In the forest, running with Zoe.
"But my leg itches."
"Do we have to stop every five feet?"
"But it REALLY itches."
"Isn't that what running is for. To ignore the itching? I thought you said you wanted to go running. You used to go running with me when you were 6. Now that you're 7, you don't even like to run."
Zoe just stares at me, like my head popped off, came back and nestled somewhere on my shoulders but she couldn't be convinced it wouldn't just pop off again.
"Fine. I'll run."
She ran all the way home. Tears? Many. Shed by whom? Shed by all.

Dear Glossy Magazine,
I have no idea how to submit to glossy magazines. I believe I need an agent. Since I am currently without an agent, I am emailing you randomly. I imagine I will have great success with this plan. This is similar to people posting privacy notices on Facebook. Facebook is not going to care about your privacy notice. You don't get the system. You don't get the system at all.

In the car with Erik after picking the kids up from their 1 hour playdate.
"Now what are we going to do?" Erik asked.
"I thought you wanted to go downtown,"
"I just don't know what we'll do there."
"We can look at stores. Preshop."
"All the stores will be closed."
"I want sushi," Zoe says from the backseat. Max says he wants juice.
"Why don't you and Zoe go downtown.

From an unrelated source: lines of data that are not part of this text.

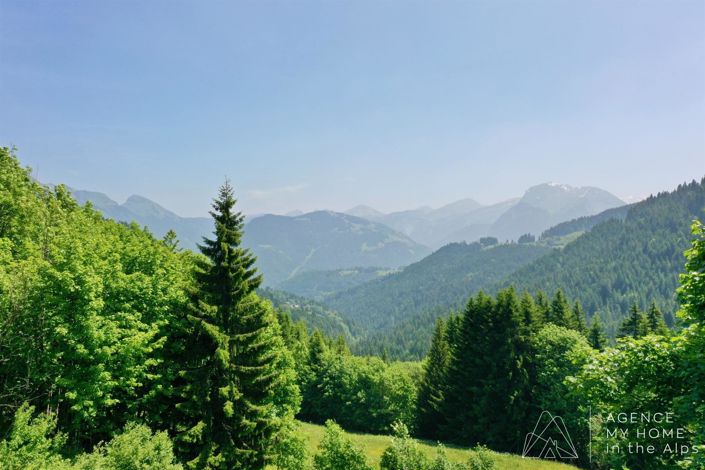 Image No.21-Maison de 3 chambres à vendre à La Côte-d'Arbroz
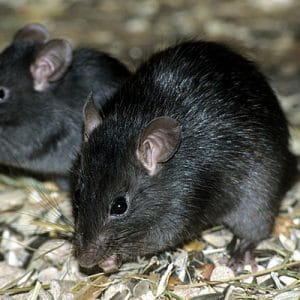 sobolanul-negru-de-casa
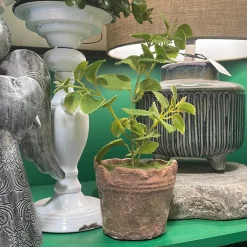 Regency Clay Pot with Herbs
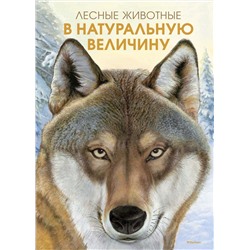 Лесные животные в натуральную величину. Хааг Х.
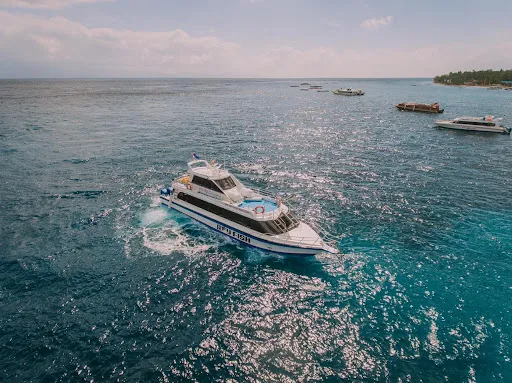 RAY FISH FAST CRUISES 4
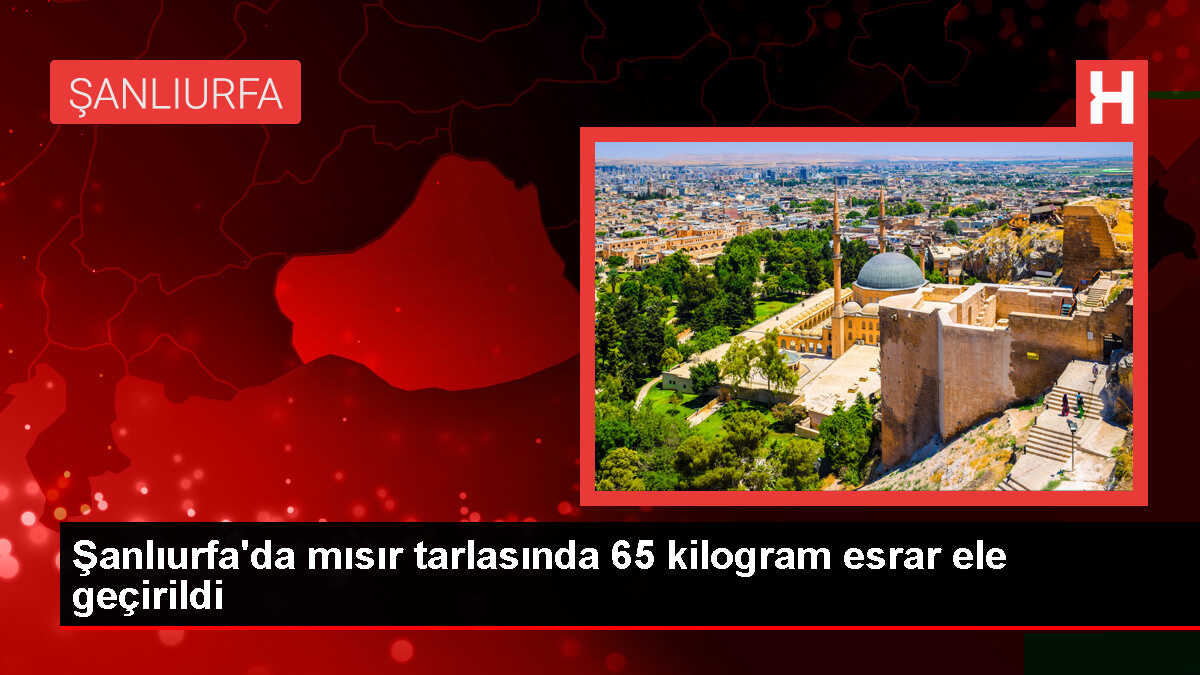 Şanlıurfa'da mısır tarlasında 65 kilogram esrar ele geçirildi, 2 şüpheli gözaltına alındı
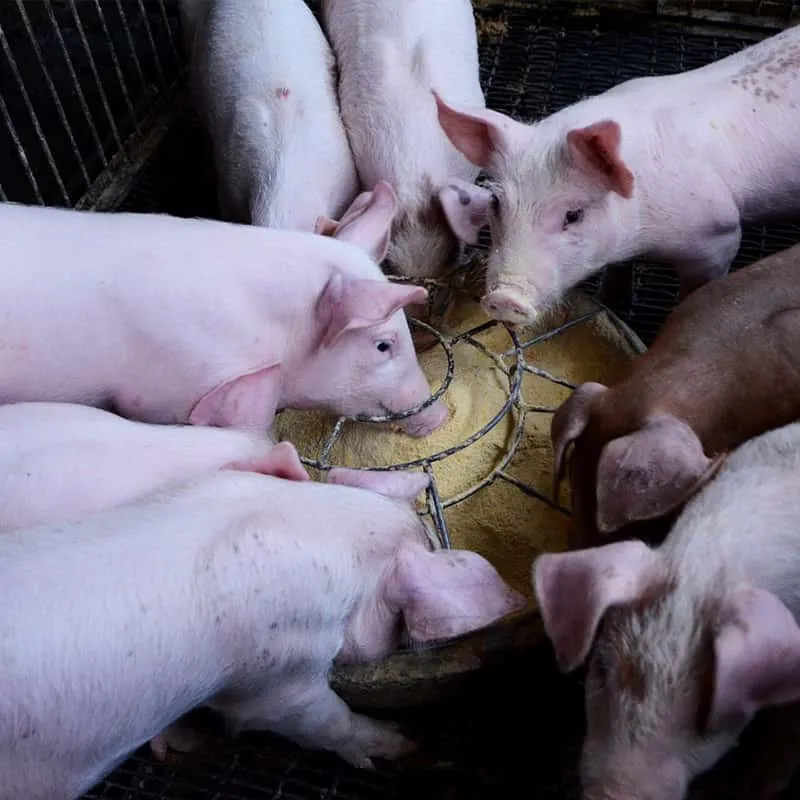 The 'good helper' for pig farm disinfection - chlorine dioxide effervescent disinfection tablets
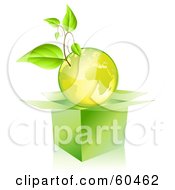 Poster, Art Print Of Plant Growing On A Green Globe Over An Open Box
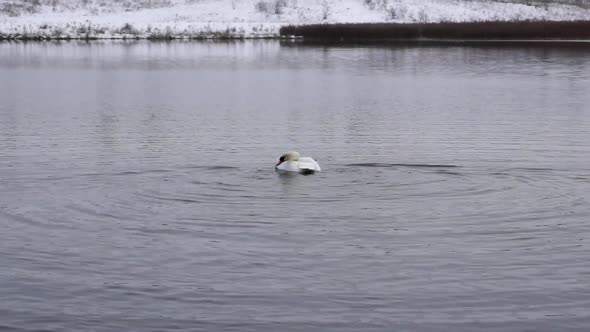 2016.11.05_1 A swan swims in a lake that does not freeze in winter.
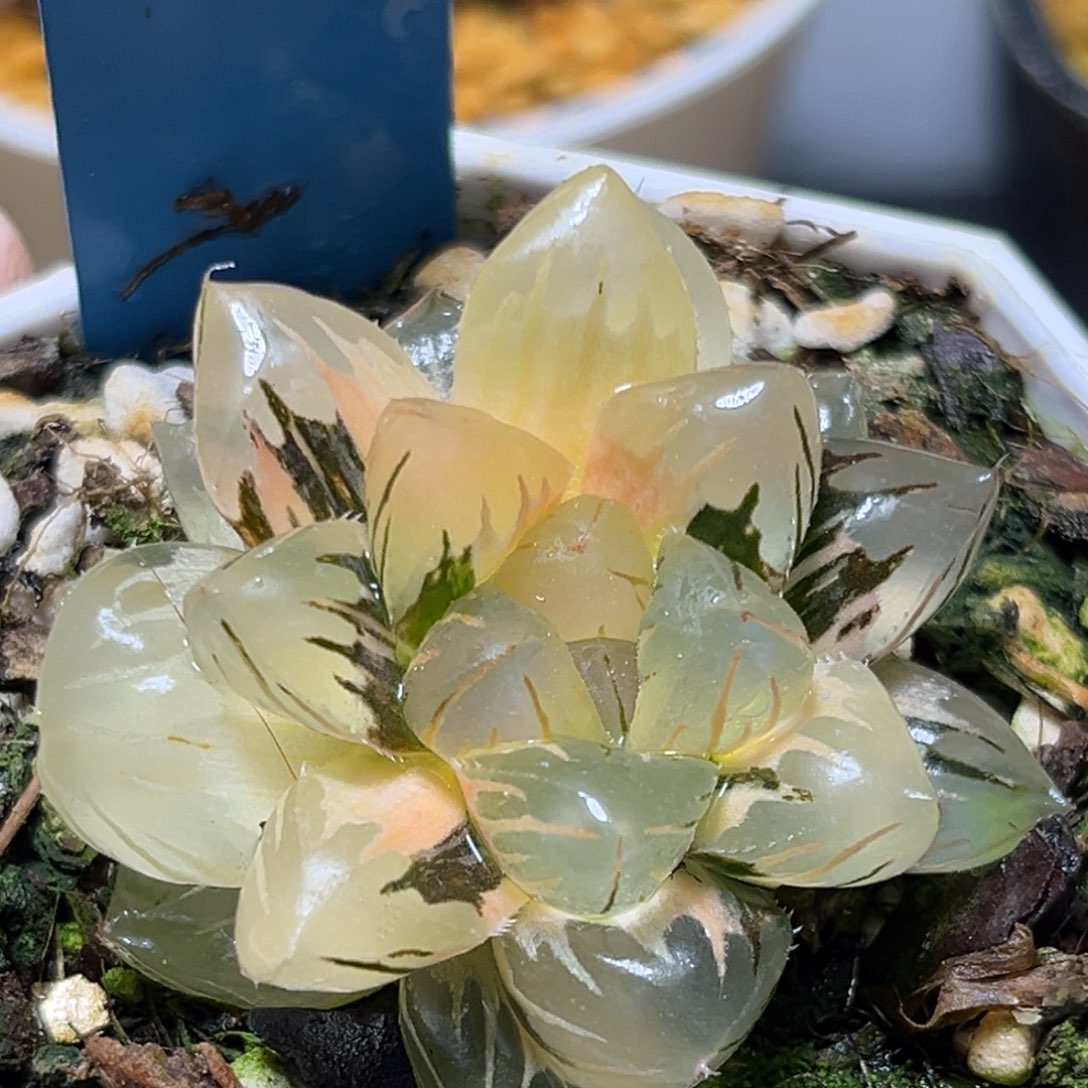 恭喜发财大吉大利626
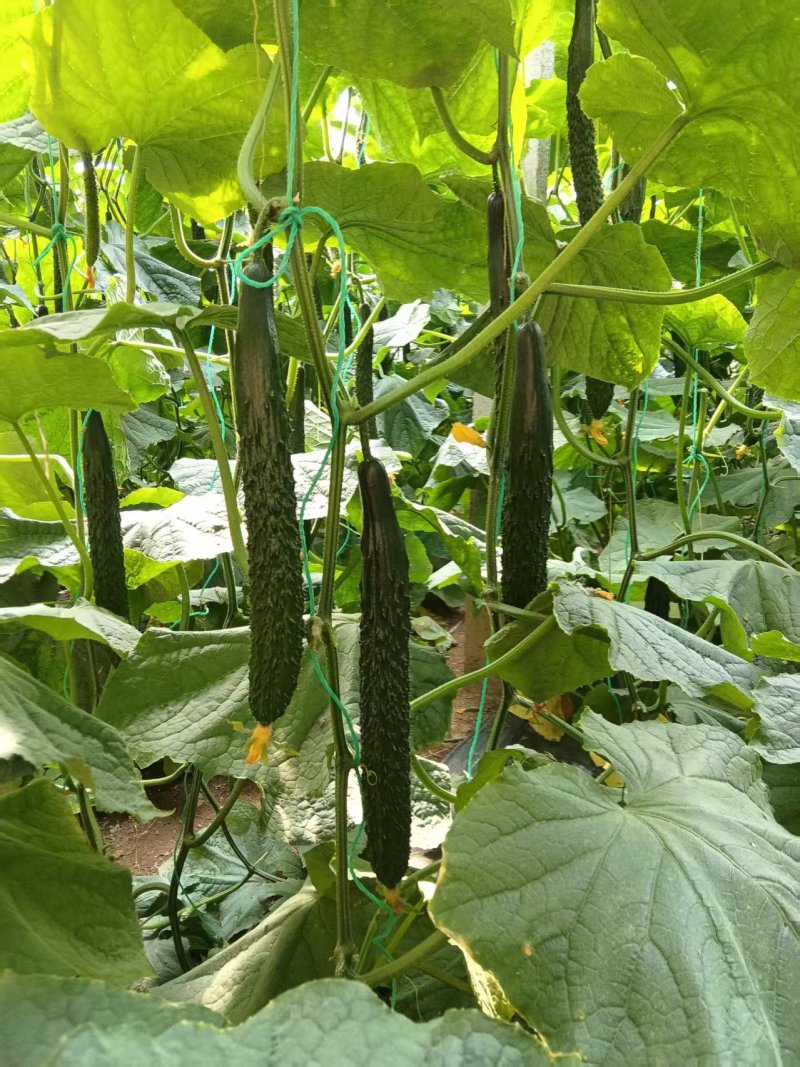 山东寿光嫁接黄瓜苗，强雌黄瓜苗品种齐全技术指导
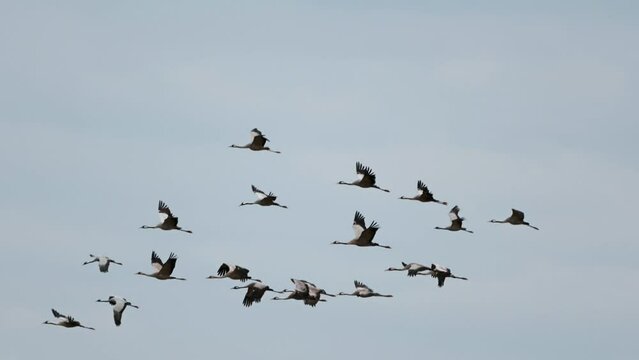 Birds in flight. Flock of cranes flies at background sky. Common Crane, Grus grus or Grus Communis, big bird in the natural habitat. Slow motion.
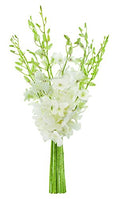 KaBloom - Exotic Perla White Orchid Bouquet of White Orchids from Thailand - Fresh Flowers for Birthday, Valentine's & Mother's Day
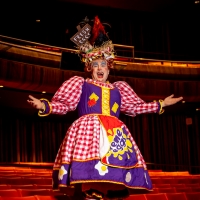 Marlowe Theatre in Canterbury Announces Socially Distanced NURSE NELLIE SAVES PANTO Photo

We'll go home."
Zoe and I head downtown, buy my friend some socks for her birthday, a bike bell for Zoe. Erik calls, "Max wants to talk to you."
"Tell him I will bring him some juice."

Dear Magazine that has had my essays for a year,
Happy Thanksgiving!
Response:
I don't know how to respond? I'm sorry to keep you waiting.
My response:
It's fine! I'm just glad to have you for a reader! Thank you so much!

To have you for a reader? There's no reading going on anywhere around here.

Movies watched: Spiderman, Horse Whisperer, Collateral (half), Brave, Spiderman. All night long, Max talks out his dreams, "Spiderman has no mouth. He has to eat his cereal before he puts his costume. I want a costume. I'll keep it in my backpack for when the lizard comes. I don't like big lizards." Parenting fail #3!

Gravy: Mediocre. Pumpkin pie: best ever. Why? Used puree from a can instead of made my own. Bites of dinner eaten on Thanksgiving? 5. Stomach flus: 3. Runny noses: 2. Hours of sleep: 2, 6, 8, 11, 11, 7. Leftovers consumed: most of them. Desire to make dinner tonight? 0. Weekends where expectations were too high? All of them.

Ever since the hard freeze that turned the most beautiful yellow fall I'd ever seen in Flagstaff brown, I've been in a funk. Part of it is the university where do-more-with-less has become the motto and today we are all to be asked to join in the Pearson buy out of our name. One of my colleagues at work suffered a stroke; another one's husband was hit by a car while riding his bike and was killed. The drought is back in force after the wettest monsoon. Flagstaff is seeming pretty trappy. The four day weekend was spent mostly at home. Also trappy. 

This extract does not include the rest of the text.